Groulx noted that the savings will allow junior staff to come on board at the Sportsplex and public works.
As part of the restructuring, Bruce Forsyth, who started work as the District’s public works superintendent about one year ago, is no longer working for the municipality and his position no longer exists.
Instead, the public works superintendent’s job will be divided among three individuals already working for the District.
Mike Smith, Clearwater’s fire chief, will take over the management and maintenance of the District’s vehicle fleet, equipment and hydrants; along with managing the roads contract.
He is tasked with a special project this year under a FireSmart grant.
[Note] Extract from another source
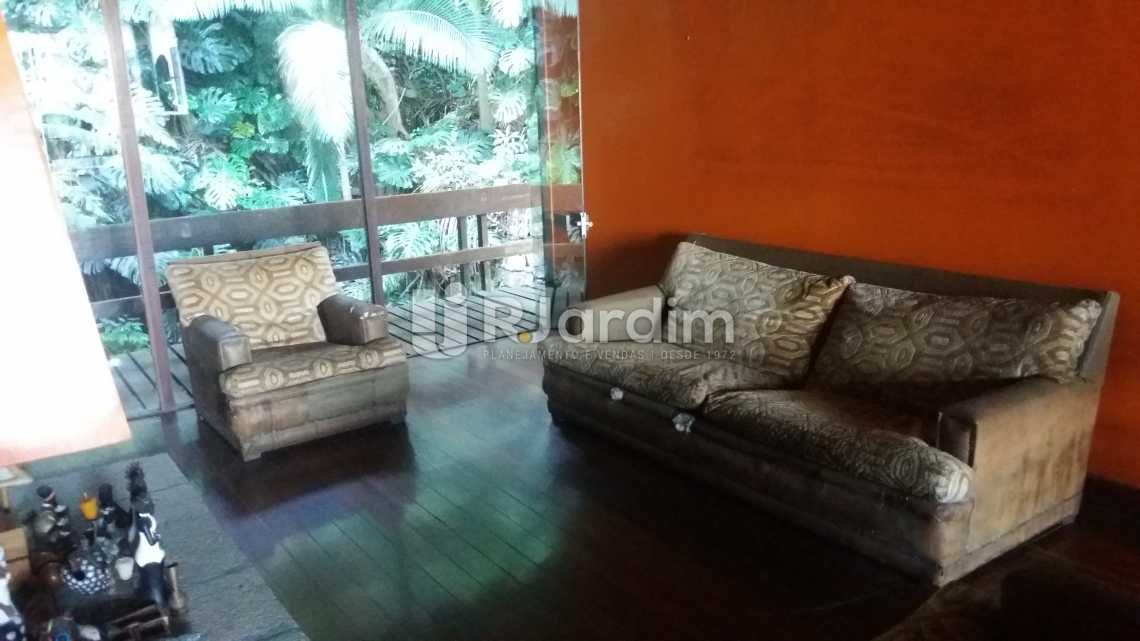 Conheça Estar 2º piso do imóvel - Casa Jardim Botânico - LACA50004 - 17 Estar 2º piso - Casa Jardim Botânico - LACA50004 - 17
This will provide Smith with a full-time position, as he will continue with his half-time position as the District’s fire chief and his emergency management duties.
The changes in Smith’s roles will become effective as of March 14.
Roger Mayer, the longtime facilities supervisor at the Sportsplex, has taken on the responsibility of managing the maintenance of District facilities. These will include Sportsplex, Dutch Lake Community Centre and the old municipal hall on the Flats.
He will manage the community parks and will be the District’s safety officer as well. The change brings Mayer to year-round employment and takes effect immediately.
Longtime public works employee Bryan Lipp will take on the position of lead hand within the public works department. His primary duties will include supervising, coordinating and scheduling workloads for water, sewer, cemetery, and general maintenance duties.
Rob Griffiths will remain the key utilities person, with the primary responsibility of maintaining the water and sewer services.
Also taking on a new role, although not directly related to the reorganization of the public works department, Tammy Rutsatz is being reclassified as the financial accounting supervisor. She will take on a supervisory role within the finance department. Groulx said she expects the department will benefit from Rutsatz’s knowledge plus her ability to supervise and provide extra training.
Groulx noted that Clearwater town council developed the 2016 Operating Budget with the following directions to staff:
• Maintain existing service levels for roads, recreation programming, protective Services, transit, and capital dollars for parks;
• Minimize use of surplus and reserves;
• Continue to support economic growth within the community;
• Maintain the District of Clearwater’s financial principles of thorough short and long term planning through prudent consideration of reserves and leveraging of available funding sources.